● **SUPPLIED MATERIAL**:
★ ★ ★ ★ ★

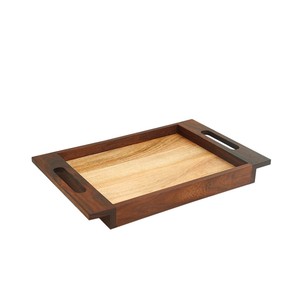 Plateau en bois artisanal avec charme rustique Finition naturelle Accessoire élégant polyvalent Plateau décoratif fait main - Product Image 1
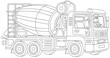 © Alexey Bannykh - Concrete mixer lorry with a funny driver working for a building site, black and white vector cartoon illustration for a coloring book page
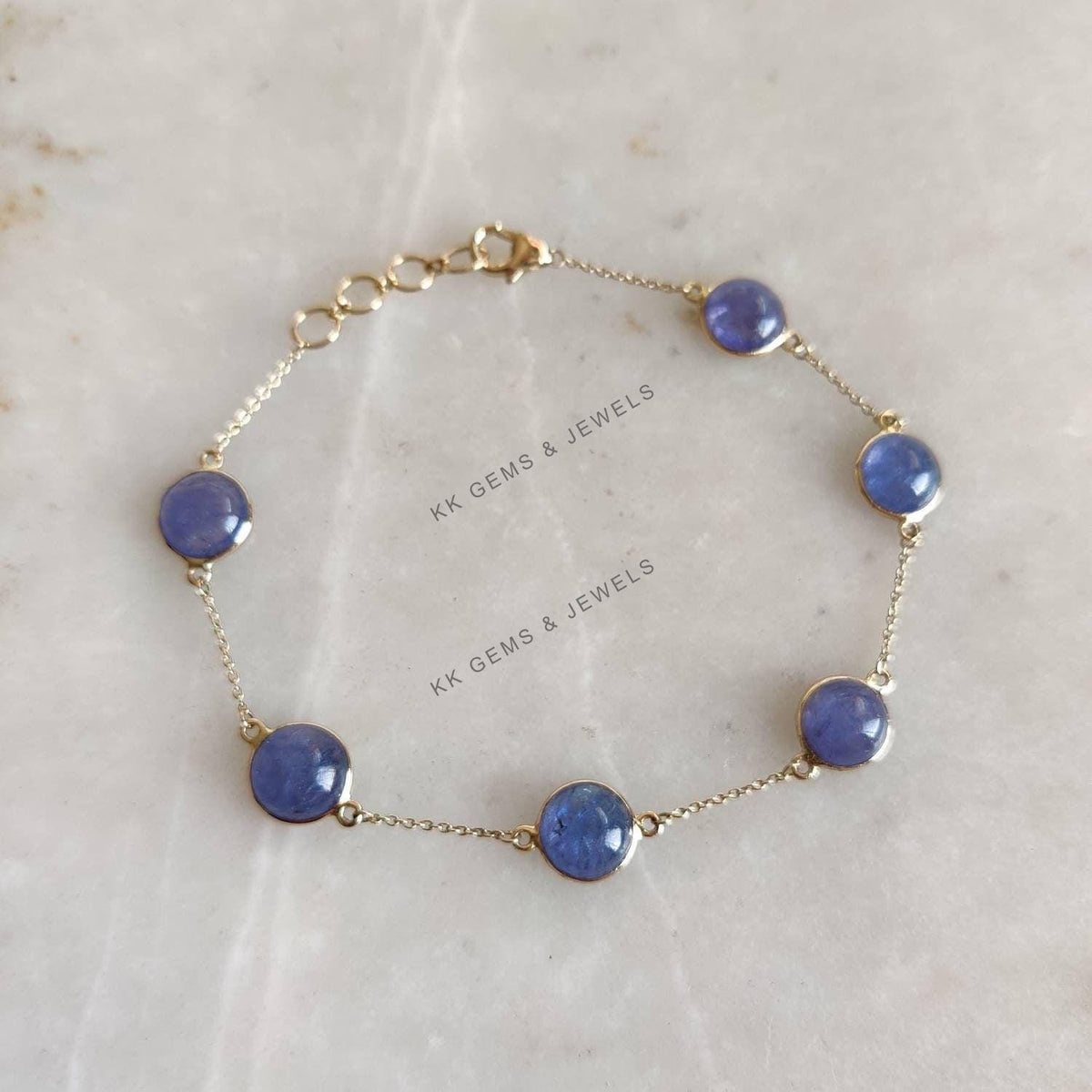 14K Solid Yellow Gold Natural Tanzanite Bracelet, Dainty December Birthstone Bracelet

★ ★ ★ ★ ★

● **EXERCISE REQUIREMENTS**:
The listing above, line by line: print it exactly, but not its pictures.

● **TASK RESULT**:
 Plateau en bois artisanal avec charme rustique Finition naturelle Accessoire élégant polyvalent Plateau décoratif fait main - Product Image 1
 © Alexey Bannykh - Concrete mixer lorry with a funny driver working for a building site, black and white vector cartoon illustration for a coloring book page
 14K Solid Yellow Gold Natural Tanzanite Bracelet, Dainty December Birthstone Bracelet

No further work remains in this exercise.